Roger E. Schärer, ancien colonel de milice et conseiller de Johann Schneider-Ammann, répond aux questions de LMC, posées par Gregor Szyndler.

Pourquoi l’ancien colonel que vous êtes donne-t-il une interview à «Le Monde Civil»?
J’ai effectué 1991 jours de service, répertoriés dans mon carnet de service. J’en suis fier et reconnaissant. L’universitaire et directeur que je suis a eu la chance de recevoir une leçon sociale marquante. Dans ma pratique du commandement à l’armée, j’ai constaté que la Suisse fonctionne grâce à des ouvriers, à des agriculteurs et à des travailleurs centrés sur des valeurs, fiables et vigoureux. Diriger ces membres de l’armée, qui ont les deux pieds sur terre, a été un grand privilège. Après mon temps comme commandant de troupes, j’ai pris le poste de colonel de milice à la Direction de la politique de sécurité au DDPS, où j’ai entretenu des contacts sur le plan international. Le service de milice a fait ses preuves, je pouvais efficacement mettre à profit mon réseau professionnel national et international au bénéfice de la sécurité de la Suisse. Mes points de vue au sujet du service civil publiés par la presse ont été remarqués par « Le Monde Civil ». Votre demande était convaincante et je suis heureux de communiquer dans cette interview mon point de vue concernant le service civil et son avenir.
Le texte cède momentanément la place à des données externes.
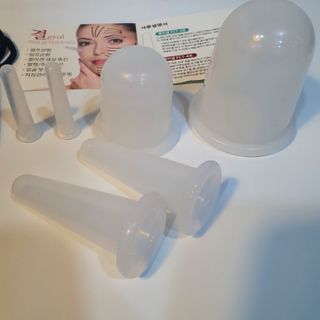 메디미케이알 커핑테라피 실리콘부항마사지 리프팅 페이스+바디 안티 셀룰 라이트 6pcs — 5점을 준 리뷰어가 2021년 2월 올린 사용 사진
Est-ce que vous êtes fâché si un civiliste vous demande « ce qu’un colonel peut donc bien faire toute la journée » ?
Pas du tout ! La curiosité est appropriée. Depuis l’abolition des régiments, il y a en effet moins de colonels, et ils sont aujourd’hui essentiellement actifs dans l’administration et les états-majors.

Quels sont vos sentiments face au service civil ?
En matière de service civil, il n’est pas question pour moi de sentiments, mais de notre Constitution. L’art. 59 pause les fondements du service civil de substitution. Il s’agit pour moi de notre société civile et de la démocratie directe. Il a été décidé en votation populaire que les objecteurs au service militaire pour des motifs de conscience ou de croyance pourraient à l’avenir fournir un service travaillé. Ce n’est qu’à la fin de la guerre froide qu’une majorité a pu être gagnée à la conclusion qu’eu égard au fondement de l’Etat que représente le consensus fédéral, il fallait offrir aux objecteurs de conscience un ancrage légal. Les peines de prison vues par le passé n’étaient pas dignes d’une Suisse humanitaire. En 1992, une révision de l’article constitutionnel a été acceptée par plus de 82% des voix. Cela aussi était l’expression d’un compromis viable. L’histoire du service civil, qui a plus de vingt ans, accompagne les mutations de la société et l’évolution des besoins de sécurité de la population.

Vous avez été conseiller de Johann Schneider-Ammann avant qu’il n’entre au Conseil fédéral. Ce dernier écrivait dans le LMC 16/01 : « Il faut développer les atouts du service civil, et non les étouffer. » Comment vivez-vous la réorientation de Schneider-Ammann ?
De 2005 à 2010, j’ai accompagné le Conseiller national, président de Swissmem et entrepreneur Johann Schneider-Ammann en tant que proche conseiller. Je l’ai donc accompagné lors de son arrivé au Conseil fédéral. C’est un entrepreneur et politicien crédible, qui a des valeurs et une personnalité convaincante. Le service civil faisait partie de son département. Il a reconnu la valeur des civilistes lorsqu’il plaidait en faveur du développement des atouts du service, au lieu de leur étouffement. Son revirement en fin de mandat au Conseil fédéral s’explique pour des raisons internes de transactions politiques au sein du Conseil fédéral. Comme le dit l’expression latine, «Manus lavat Manum»! C’est maintenant au tour de Parmelin, déserteur et ancien chef du DDPS, de prendre la responsabilité du service civil dans son nouveau département, ce qui n’est pas forcément idéal.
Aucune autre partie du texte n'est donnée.